Prendre la mesure de l’Histoire qui s’écrit en ce moment

 

Nous vivons les mobilisations les plus fortes depuis 1968 et c’est loin d’être fini. Près d’un demi-siècle plus tard, nous avons à nouveau rendez-vous avec l’Histoire. Ne restons pas spectateurs et invitons ceux qui hésitent encore à nous rejoindre.

PRENDRE LA MESURE DE L’HISTOIRE QUI S’ÉCRIT EN CE MOMENT

L’Histoire des luttes est un temps long ponctué d’apogées brèves et puissantes. Un temps long durant lequel on milite, on tracte, on publie, on réalise des films, on apporte sa contribution à l’imaginaire social, au fil des ans, chacune et chacun à sa façon, dans la perspective d’un événement fantasmé dont on ne sait jamais quand il va intervenir, quand le point de bascule va être atteint, quand le lit de la rivière va déborder.

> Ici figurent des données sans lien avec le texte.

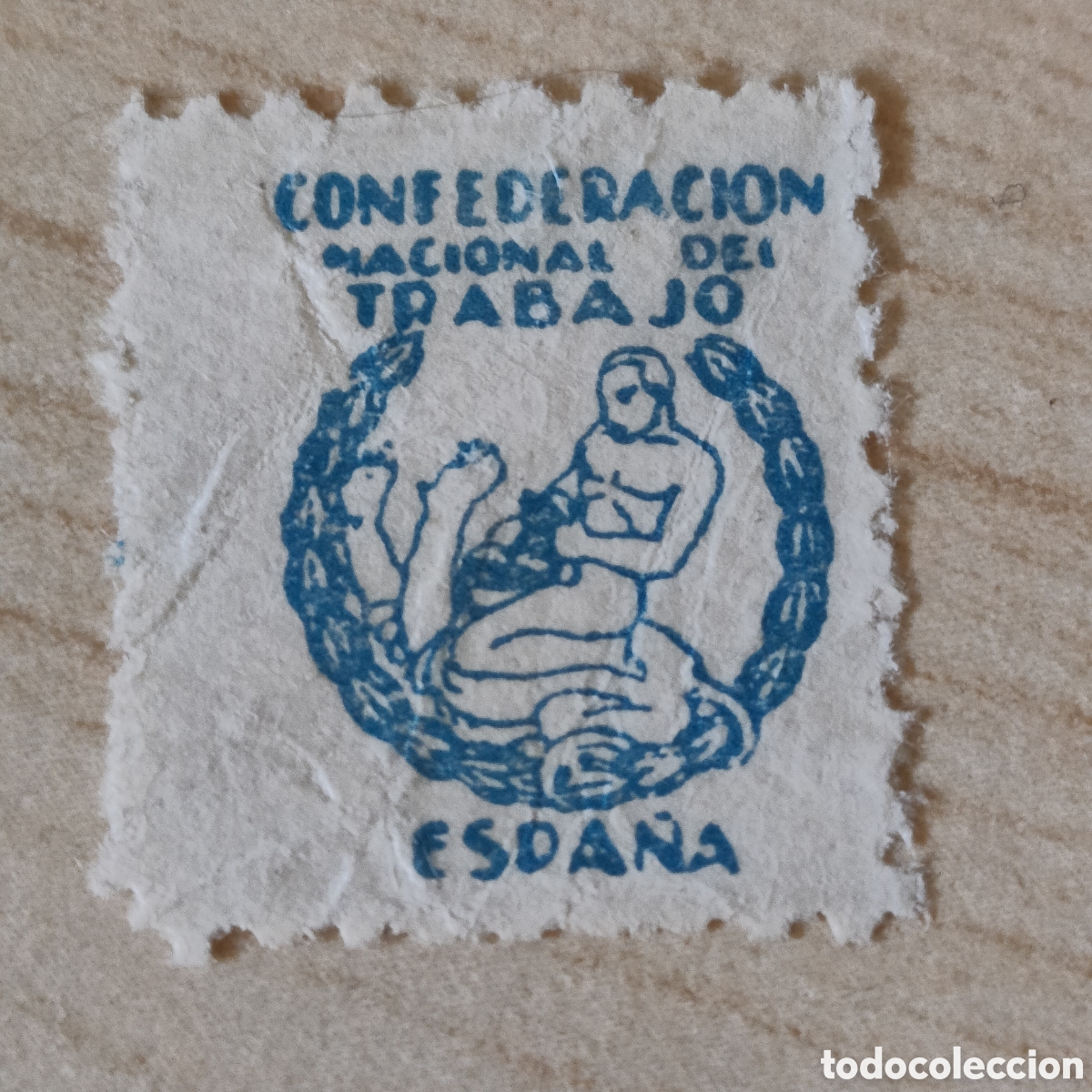 Sellos: z05 Confederaci&oacute;n Nacional del Trabajo C.N.T. Espa&ntilde;a Allepuz 1602 afinet 719 CNT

Puis vient ce moment, non sans émotion : un moment rare et court à l’échelle d’une vie humaine, un moment historique d’une ampleur jamais connue pour la plupart de ses témoins, de ses acteurs, de ses observateurs. Seuls quelques anciens peuvent comparer. Certains ne verront cela qu’une seule fois dans leur vie, du moins sous cette forme, avec cette intensité, porté par autant de monde.

La tentation est grande, sous le choc de l’émotion, de contempler passivement ce moment en nous laissant divertir par un spectacle de plus, retransmis sur tous les écrans où l’on ne distingue pas la réalité de l’illusion. Sauf qu’il nous revient, cette fois, de participer à l’écriture du scénario.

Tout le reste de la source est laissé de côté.